[Records from a data source]
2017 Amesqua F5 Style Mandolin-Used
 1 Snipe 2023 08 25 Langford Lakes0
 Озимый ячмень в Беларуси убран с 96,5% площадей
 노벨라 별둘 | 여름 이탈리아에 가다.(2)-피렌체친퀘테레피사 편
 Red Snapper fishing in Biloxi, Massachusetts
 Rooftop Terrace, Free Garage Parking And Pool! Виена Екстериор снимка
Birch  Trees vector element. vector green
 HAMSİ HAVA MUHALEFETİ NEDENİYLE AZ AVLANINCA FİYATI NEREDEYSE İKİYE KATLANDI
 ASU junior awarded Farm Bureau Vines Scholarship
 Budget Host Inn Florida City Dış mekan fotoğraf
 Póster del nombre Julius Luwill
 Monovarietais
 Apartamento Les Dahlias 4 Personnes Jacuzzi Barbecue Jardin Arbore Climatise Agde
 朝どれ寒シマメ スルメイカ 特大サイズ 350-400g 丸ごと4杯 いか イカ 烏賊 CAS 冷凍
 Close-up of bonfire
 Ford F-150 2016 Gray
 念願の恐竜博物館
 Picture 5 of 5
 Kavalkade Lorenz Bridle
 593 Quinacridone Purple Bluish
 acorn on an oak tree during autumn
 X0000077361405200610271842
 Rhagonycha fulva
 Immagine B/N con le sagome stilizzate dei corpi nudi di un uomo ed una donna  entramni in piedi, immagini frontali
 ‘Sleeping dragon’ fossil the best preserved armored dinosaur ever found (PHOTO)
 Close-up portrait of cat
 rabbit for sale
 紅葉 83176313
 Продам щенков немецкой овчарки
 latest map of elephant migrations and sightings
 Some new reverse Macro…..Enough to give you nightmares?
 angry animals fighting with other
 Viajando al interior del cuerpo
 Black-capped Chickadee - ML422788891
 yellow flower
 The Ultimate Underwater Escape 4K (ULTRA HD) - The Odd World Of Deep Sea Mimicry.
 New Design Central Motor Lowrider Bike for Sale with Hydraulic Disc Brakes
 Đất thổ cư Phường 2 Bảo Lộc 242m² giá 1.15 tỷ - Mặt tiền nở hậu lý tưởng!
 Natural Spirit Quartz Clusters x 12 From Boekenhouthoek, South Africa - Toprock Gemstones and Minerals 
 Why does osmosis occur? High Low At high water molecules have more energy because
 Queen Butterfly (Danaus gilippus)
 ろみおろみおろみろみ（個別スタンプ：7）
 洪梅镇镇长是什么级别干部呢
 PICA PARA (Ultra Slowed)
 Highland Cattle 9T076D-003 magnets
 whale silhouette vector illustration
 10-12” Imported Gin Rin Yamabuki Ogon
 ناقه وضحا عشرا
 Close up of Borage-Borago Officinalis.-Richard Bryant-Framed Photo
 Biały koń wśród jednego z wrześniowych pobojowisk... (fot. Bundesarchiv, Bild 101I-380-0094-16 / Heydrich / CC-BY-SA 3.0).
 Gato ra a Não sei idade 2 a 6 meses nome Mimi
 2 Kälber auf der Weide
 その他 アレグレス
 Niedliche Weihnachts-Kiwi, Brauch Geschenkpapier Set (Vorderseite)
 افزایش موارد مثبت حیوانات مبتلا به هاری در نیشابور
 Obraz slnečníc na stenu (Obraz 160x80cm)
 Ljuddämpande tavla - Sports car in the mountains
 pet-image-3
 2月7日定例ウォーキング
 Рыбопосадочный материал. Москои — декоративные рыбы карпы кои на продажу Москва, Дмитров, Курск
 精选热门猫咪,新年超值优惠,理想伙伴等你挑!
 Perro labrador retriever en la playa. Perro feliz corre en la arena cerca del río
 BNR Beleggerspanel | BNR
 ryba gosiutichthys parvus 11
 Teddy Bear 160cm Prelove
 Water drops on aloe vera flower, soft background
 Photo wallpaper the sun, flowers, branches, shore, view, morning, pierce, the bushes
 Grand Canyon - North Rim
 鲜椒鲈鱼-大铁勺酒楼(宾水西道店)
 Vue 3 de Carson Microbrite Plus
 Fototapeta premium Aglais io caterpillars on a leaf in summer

[WHAT TO DO] Transcribe the data above so that every line matches exactly.

[COMPLETED EXERCISE]
2017 Amesqua F5 Style Mandolin-Used
 1 Snipe 2023 08 25 Langford Lakes0
 Озимый ячмень в Беларуси убран с 96,5% площадей
 노벨라 별둘 | 여름 이탈리아에 가다.(2)-피렌체친퀘테레피사 편
 Red Snapper fishing in Biloxi, Massachusetts
 Rooftop Terrace, Free Garage Parking And Pool! Виена Екстериор снимка
Birch  Trees vector element. vector green
 HAMSİ HAVA MUHALEFETİ NEDENİYLE AZ AVLANINCA FİYATI NEREDEYSE İKİYE KATLANDI
 ASU junior awarded Farm Bureau Vines Scholarship
 Budget Host Inn Florida City Dış mekan fotoğraf
 Póster del nombre Julius Luwill
 Monovarietais
 Apartamento Les Dahlias 4 Personnes Jacuzzi Barbecue Jardin Arbore Climatise Agde
 朝どれ寒シマメ スルメイカ 特大サイズ 350-400g 丸ごと4杯 いか イカ 烏賊 CAS 冷凍
 Close-up of bonfire
 Ford F-150 2016 Gray
 念願の恐竜博物館
 Picture 5 of 5
 Kavalkade Lorenz Bridle
 593 Quinacridone Purple Bluish
 acorn on an oak tree during autumn
 X0000077361405200610271842
 Rhagonycha fulva
 Immagine B/N con le sagome stilizzate dei corpi nudi di un uomo ed una donna  entramni in piedi, immagini frontali
 ‘Sleeping dragon’ fossil the best preserved armored dinosaur ever found (PHOTO)
 Close-up portrait of cat
 rabbit for sale
 紅葉 83176313
 Продам щенков немецкой овчарки
 latest map of elephant migrations and sightings
 Some new reverse Macro…..Enough to give you nightmares?
 angry animals fighting with other
 Viajando al interior del cuerpo
 Black-capped Chickadee - ML422788891
 yellow flower
 The Ultimate Underwater Escape 4K (ULTRA HD) - The Odd World Of Deep Sea Mimicry.
 New Design Central Motor Lowrider Bike for Sale with Hydraulic Disc Brakes
 Đất thổ cư Phường 2 Bảo Lộc 242m² giá 1.15 tỷ - Mặt tiền nở hậu lý tưởng!
 Natural Spirit Quartz Clusters x 12 From Boekenhouthoek, South Africa - Toprock Gemstones and Minerals 
 Why does osmosis occur? High Low At high water molecules have more energy because
 Queen Butterfly (Danaus gilippus)
 ろみおろみおろみろみ（個別スタンプ：7）
 洪梅镇镇长是什么级别干部呢
 PICA PARA (Ultra Slowed)
 Highland Cattle 9T076D-003 magnets
 whale silhouette vector illustration
 10-12” Imported Gin Rin Yamabuki Ogon
 ناقه وضحا عشرا
 Close up of Borage-Borago Officinalis.-Richard Bryant-Framed Photo
 Biały koń wśród jednego z wrześniowych pobojowisk... (fot. Bundesarchiv, Bild 101I-380-0094-16 / Heydrich / CC-BY-SA 3.0).
 Gato ra a Não sei idade 2 a 6 meses nome Mimi
 2 Kälber auf der Weide
 その他 アレグレス
 Niedliche Weihnachts-Kiwi, Brauch Geschenkpapier Set (Vorderseite)
 افزایش موارد مثبت حیوانات مبتلا به هاری در نیشابور
 Obraz slnečníc na stenu (Obraz 160x80cm)
 Ljuddämpande tavla - Sports car in the mountains
 pet-image-3
 2月7日定例ウォーキング
 Рыбопосадочный материал. Москои — декоративные рыбы карпы кои на продажу Москва, Дмитров, Курск
 精选热门猫咪,新年超值优惠,理想伙伴等你挑!
 Perro labrador retriever en la playa. Perro feliz corre en la arena cerca del río
 BNR Beleggerspanel | BNR
 ryba gosiutichthys parvus 11
 Teddy Bear 160cm Prelove
 Water drops on aloe vera flower, soft background
 Photo wallpaper the sun, flowers, branches, shore, view, morning, pierce, the bushes
 Grand Canyon - North Rim
 鲜椒鲈鱼-大铁勺酒楼(宾水西道店)
 Vue 3 de Carson Microbrite Plus
 Fototapeta premium Aglais io caterpillars on a leaf in summer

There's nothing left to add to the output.